L’INFO. Et si à la place d’un aller-retour pour Amsterdam, les touristes de la fumette allaient bientôt prendre un vol long courrier à destination de Montevideo ? Après le feu vert de la chambre des députés, l’Uruguay est en passe de devenir le premier pays au monde où l’Etat contrôle la production et la vente de cannabis. Jusqu’ici, la consommation n'était pas pénalisée, contrairement à son commerce.
Quel est l’esprit du texte ? Le texte, qui doit encore être accepté par le Sénat, a été approuvé par 50 voix sur 96 après 14 heures de débats, grâce aux voix du Frente amplio (FA, gauche, au pouvoir). Le projet de loi prévoit notamment que l'État "assume le contrôle et la régulation de l'importation, de l'exportation, de la plantation, de la culture, de la récolte, de la production, de l'acquisition, du stockage, de la commercialisation et de la distribution du cannabis et de ses dérivés". Bref, toute la chaîne de haut en bas.
L'objectif avoué de ce texte déposé à l'été 2012 par la présidence mais élaboré par le Parlement, où sont majoritaires les élus du FA, est de "minimiser les risques et réduire les dommages de l'usage du cannabis". Le but "n'est pas de promouvoir la consommation, la consommation existe déjà", avait déclaré mercredi en début de séance le député Sebastian Sabini en présentant cette loi défendue par le président Jose Mujica. Le texte vise principalement à couper les consommateurs des réseaux mafieux et à lutter contre le trafic de drogue qui "finance le crime organisé et des activités illicites comme la traite de personnes, la vente d'armes ou le blanchiment d'argent".
Quels changements pour le consommateur ? Si le texte était approuvé, un organisme serait créé -l'Institut de régulation et de contrôle du cannabis (IRCCA)- afin de gérer la production et la distribution, et de veiller à l'application de la loi. Les consommateurs majeurs, résidents en Uruguay et inscrits dans un registre des usagers, pourraient acheter jusqu'à 40 grammes par mois dans des pharmacies autorisées. La loi prévoit aussi de permettre la culture à usage personnel à hauteur de six plants. La création de clubs de consommateurs de 15 à 45 membres serait également permise, avec une limite autorisée de 99 plans.

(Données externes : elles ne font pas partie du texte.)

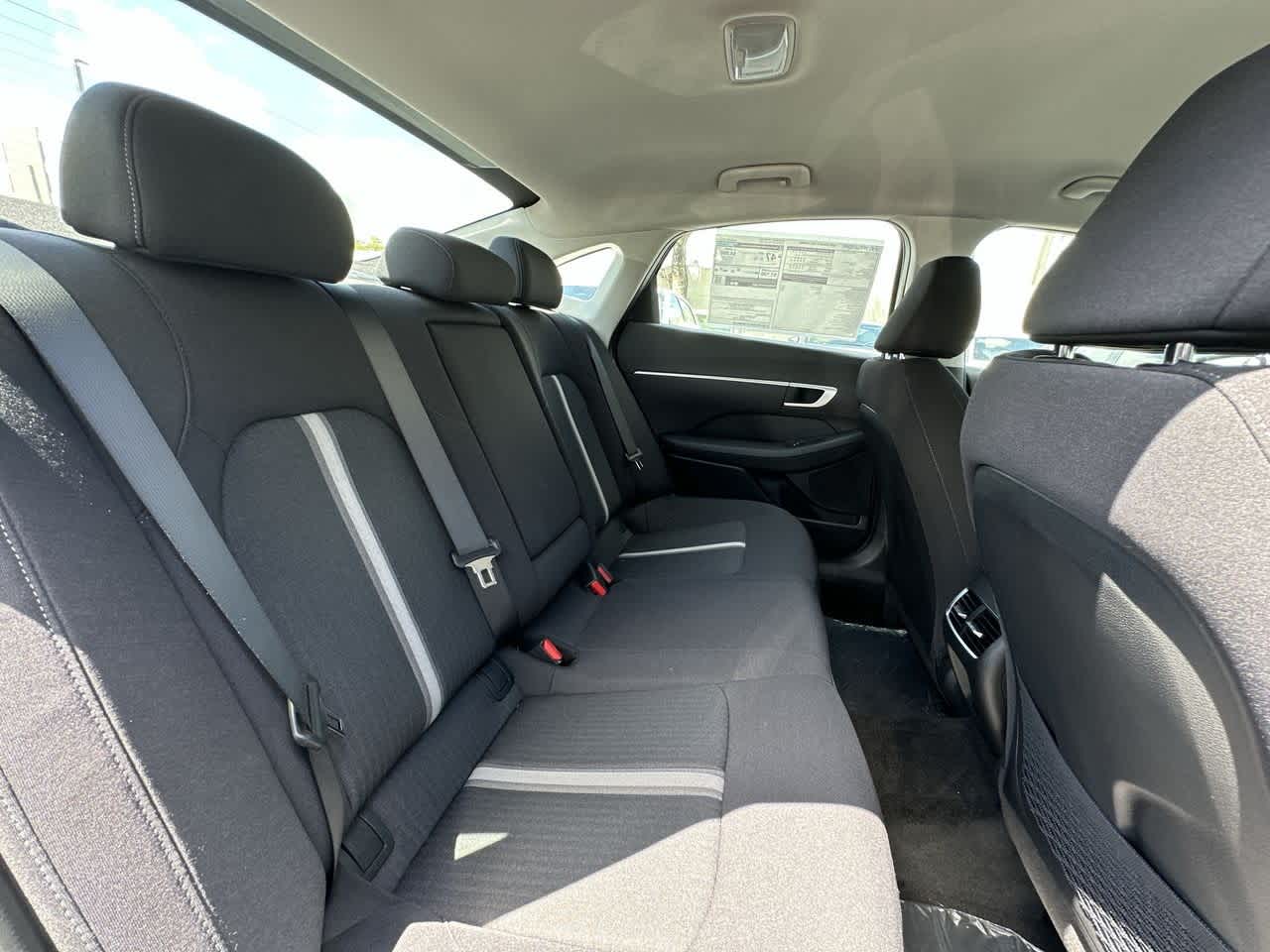 2025 Hyundai Sonata Hybrid SEL photo 26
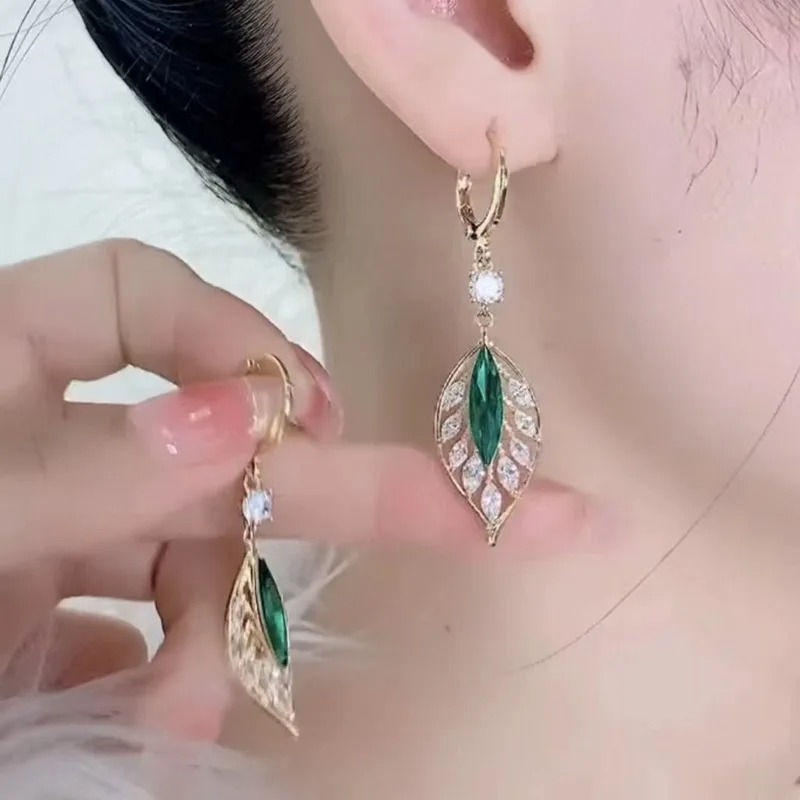 Vintage Green and Black Crystal Tassel Dangle Earrings for Women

Des critiques au sein de la classe politique. Cette loi fait hurler une partie de la classe politique. Le député du Parti National (opposition) Gerardo Amarilla a estimé que cette loi revenait à "jouer avec le feu". "Sommes-nous disposés à sacrifier une génération pour nous rendre ensuite compte que nous nous trompons, que nous n'allons pas en finir avec le marché noir (...) qu'il va y avoir une hausse de la consommation ?", a-t-il protesté. Selon l’opposition, la majorité de la population uruguayenne est contre la légalisation, se basant sur un récent sondage qui donne 63% d’opinions défavorables.

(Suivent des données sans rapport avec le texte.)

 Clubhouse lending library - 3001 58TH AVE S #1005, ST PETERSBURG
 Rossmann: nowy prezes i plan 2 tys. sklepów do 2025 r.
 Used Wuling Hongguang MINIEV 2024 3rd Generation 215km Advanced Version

Même dans le camp de la majorité de centre-gauche, cette loi ne fait pas l’unanimité. Dario Perez, député uruguayen, l’a voté par discipline : "la marijuana est une merde. Elle est l’ennemie de l’étudiant, du travailleur et de la vie. Et cela va continuer malgré nous, avec ou sans loi".

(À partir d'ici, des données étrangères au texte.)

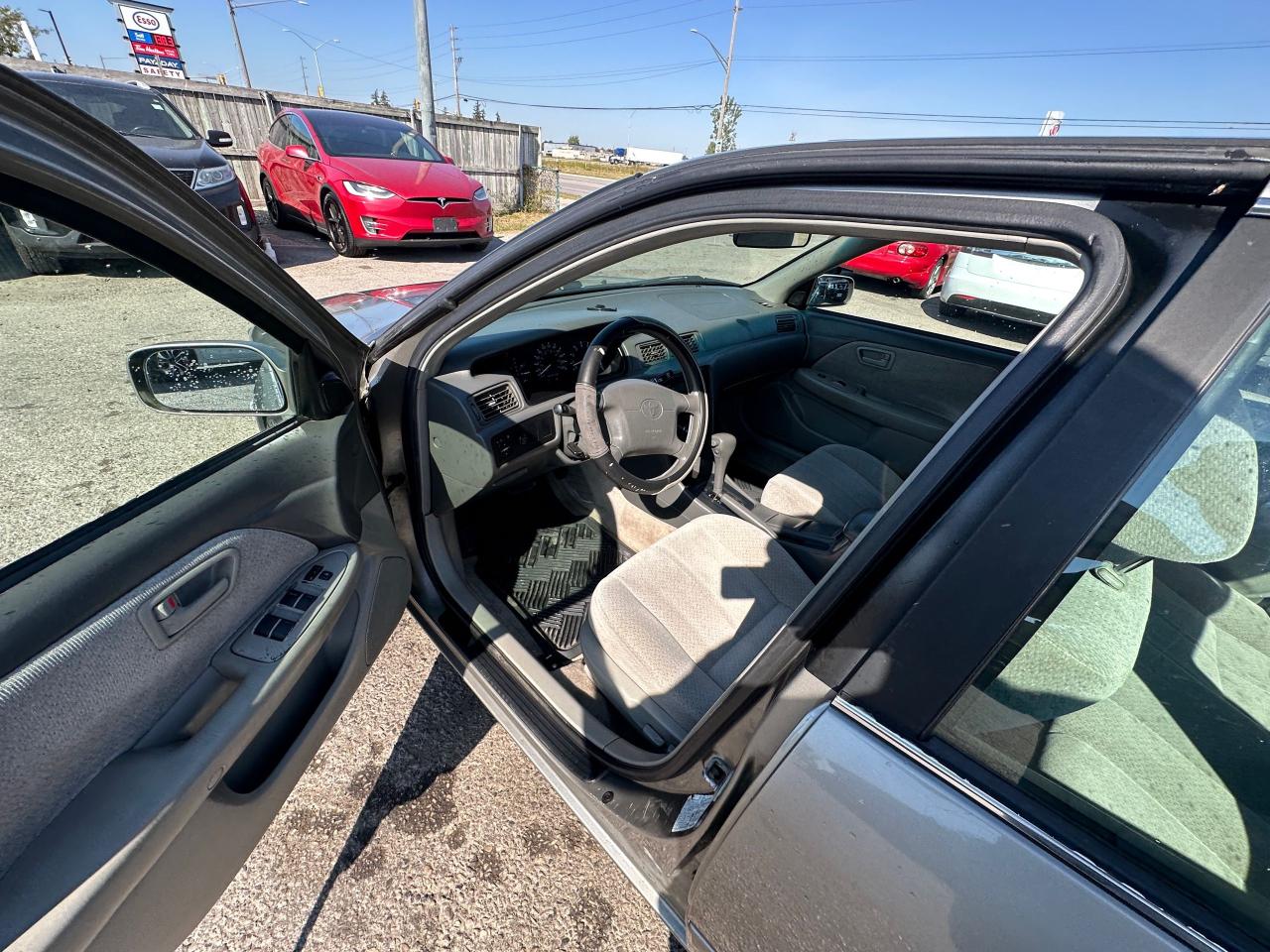 2000 Toyota Camry CE - Photo #15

Quelle différence avec les autres pays ? L'autorisation de la culture privée pour un usage personnel n'est pas inédite: elle est autorisée dans le Colorado aux États-Unis, où chaque adulte a le droit de cultiver six plants à l'intérieur de sa maison. En Espagne, la loi tolère également la production de cannabis dans un cadre privé, entre personnes majeures et dans un cadre strictement non lucratif.
Aux Pays-Bas, bien que techniquement illégale, la vente et la consommation de cinq grammes de cannabis par personne au maximum est tolérée depuis 1976 dans les "coffee shops" alors que la culture et la vente en gros restent interdites et sont aux mains de groupes criminels.